One of the great things about my work is that I get to travel and meet really smart people the world over. On Election Day, for example, I happened to be attending an analytics event and had the opportunity to do plenty of offline conversing on who would win.
Just imagine a bunch of quants sitting around a lunch table talking about all the various, possible election outcomes, their related probabilities, the evils of the Electoral College, the possibility of an electoral tie, and on and on. Aside from the obvious danger of waking up nose-deep in a garden salad, that's a truly fascinating conversation, right? Well, for me, not so much.
Why? Because who would win had been obvious to me for quite some time. The data were pretty clear.
Unfortunately for me, I hadn't quite gotten around to starting that blog I've been threatening to write for the last couple of years, and so I hadn't published my erudite, quantitatively sound, and ultimately correct prediction. Some guy named Nate Silver did.

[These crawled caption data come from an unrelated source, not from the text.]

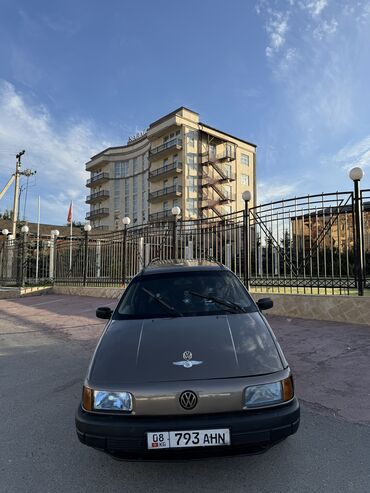 Volkswagen: Volkswagen Passat: 1989 г., 1.8 л, Механика, Бензин, Универсал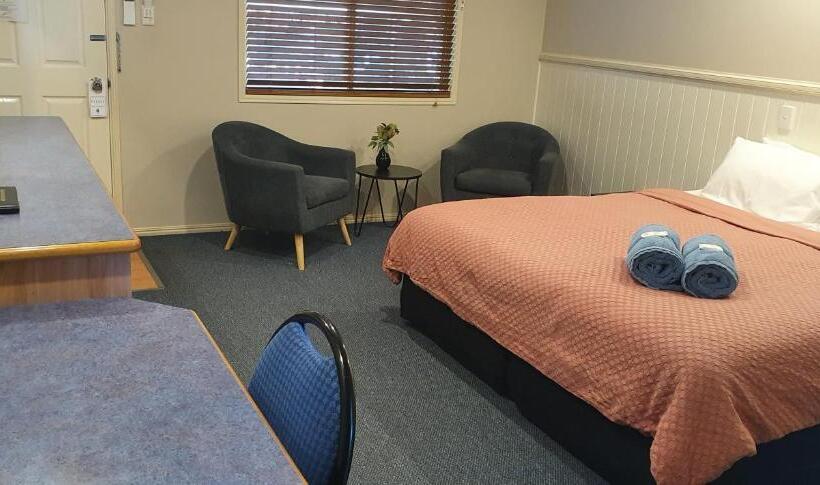 Стандартный Номер Кровать Кинг, Dirranbandi Motor Inn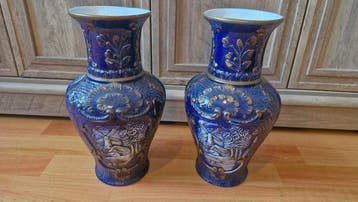 Vase (2) - Porcelaine - Splendide ensemble Capodimonte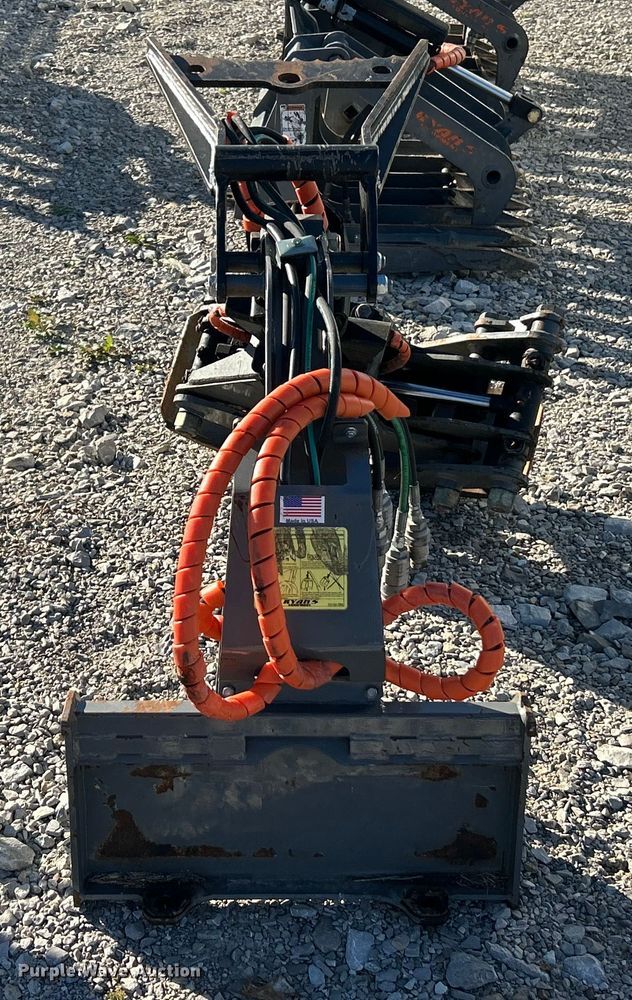 image for item ET6526 Ryan's Equipment 4252 skid steer log grapple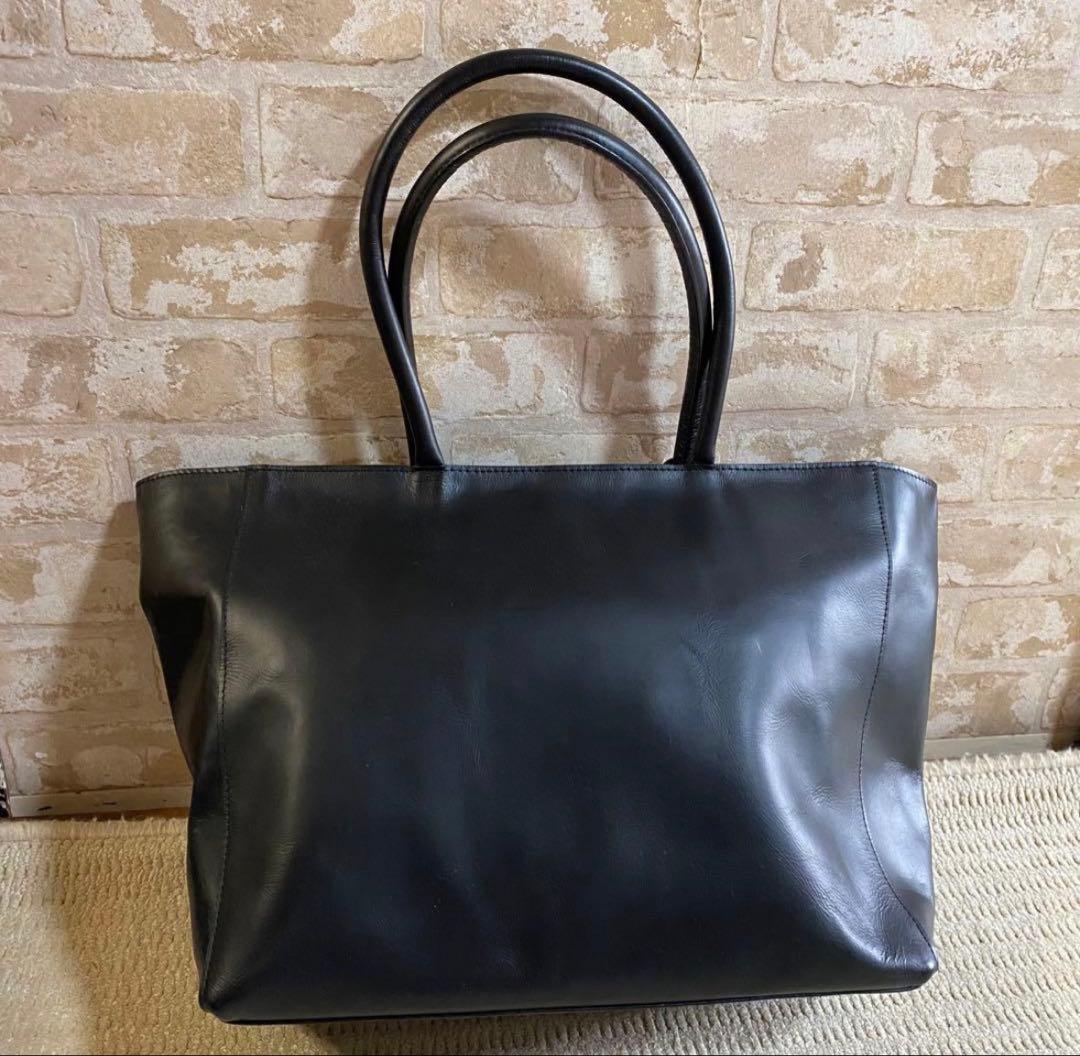 美品　MURA トートバッグ　大容量　黒本革　レザー　A4収容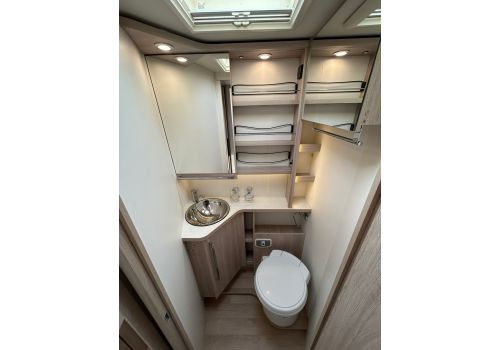 Integral Motorhome RAPIDO 8096 DF en Sale Occasion
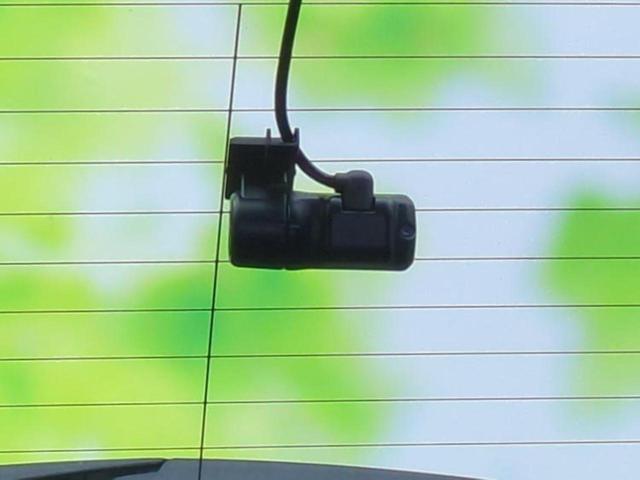 ＣＸ－６０ ４ＷＤ　ＸＤハイブリッドプレミアムスポーツ　新品タイヤ／サンルーフ／ＢＯＳＥ／保証書／純正　ＳＤナビ／衝突安全装置／エアーシート　前席／全方位モニター／車線逸脱防止支援システム／シート　フルレザー／電動バックドア／ドライブレコーダー　前後（14枚目）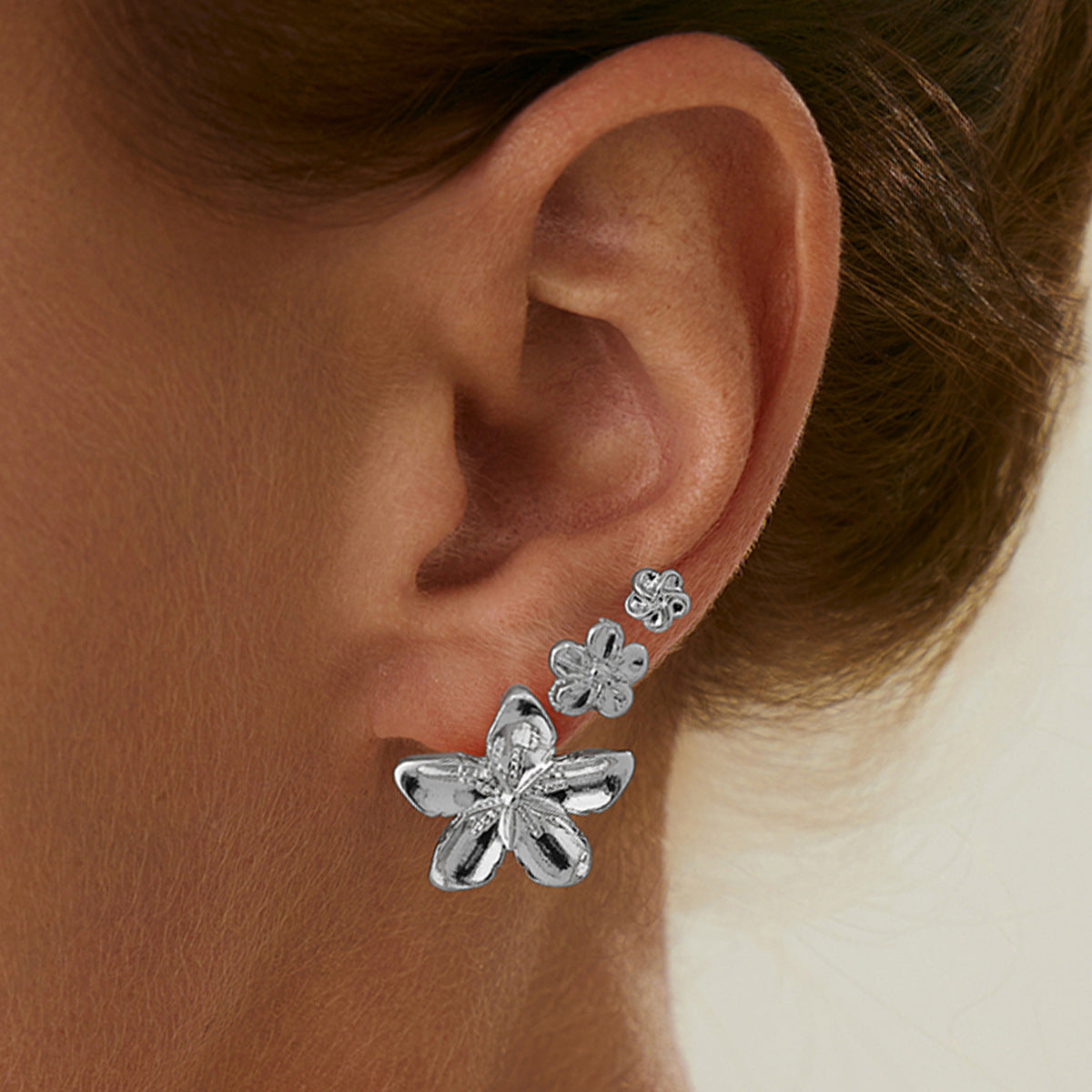 Orecchini a perno da donna a forma di stella minimalista in lega, con design a petali floreali e placcatura in oro
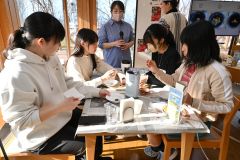 チョコレート作ってアフリカ学ぼう！　ＪＩＣＡ帯広の体験会に４０人 写真4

That was my reaction, anyway. Apparently I've somehow managed to avoid hearing about the predictive wunderkind who took the political prognostication realm by storm back in 2008. Fortunately, the event's host had the foresight to give each attendee a copy of Silver's new book, The Signal and the Noise: Why So Many Predictions Fail -- But Some Don't. It had been waiting for me on my place setting that very morning. That was great, because I love books, but too bad, because I just don't read them anymore. Don't get me wrong -- I'm a voracious reader -- but the only time I read something that's printed on actual paper is during that time on the airplane when I have to turn off my e-reader between the ground and 10,000 feet. The only notable exception is the output of one tree-killing colleague of mine who insists on printing absolutely everything. You know who you are.
Anyway, not wanting to spring for the e-reader version with a perfectly good -- if somewhat anachronistic -- actual book in my hand, I decided to wade into the pulp. It turns out that Silver worked as an economic consultant for a big accounting firm, got bored with that (unimaginable, I know), wrote some software to predict baseball player performance ā la sabermetrics, and then founded a political blog, now on The New York Times, called FiveThirtyEight. It was on that blog that he correctly predicted the outcome of the 2012 presidential election in all 50 states. Four years ago, he only got 49 out of 50 correct (darn that pesky Indiana). It might be easy to argue that 2008 was a fluke, but repeated success is somewhat more difficult to discount.
Because of that success, Silver has received a lot of attention. The question I ask is not how he did it, but rather why his success seems to be such a singularity (setting aside the fact that I wasn't in the game yet). Why aren't lots of other people coming up with the similar predictions and similar rates of accuracy? Perhaps others are, but there are certainly a lot of people trying who aren't, and most of them, sadly for us, seem to have found employment as TV talking heads. I believe one possible answer to my question is foundational to the big-data challenge, and it's embodied in my new favorite quote. From the introduction to Silver's book:
We face danger whenever information growth outpaces our understanding of how to process it.
Does this problem sound familiar to anyone?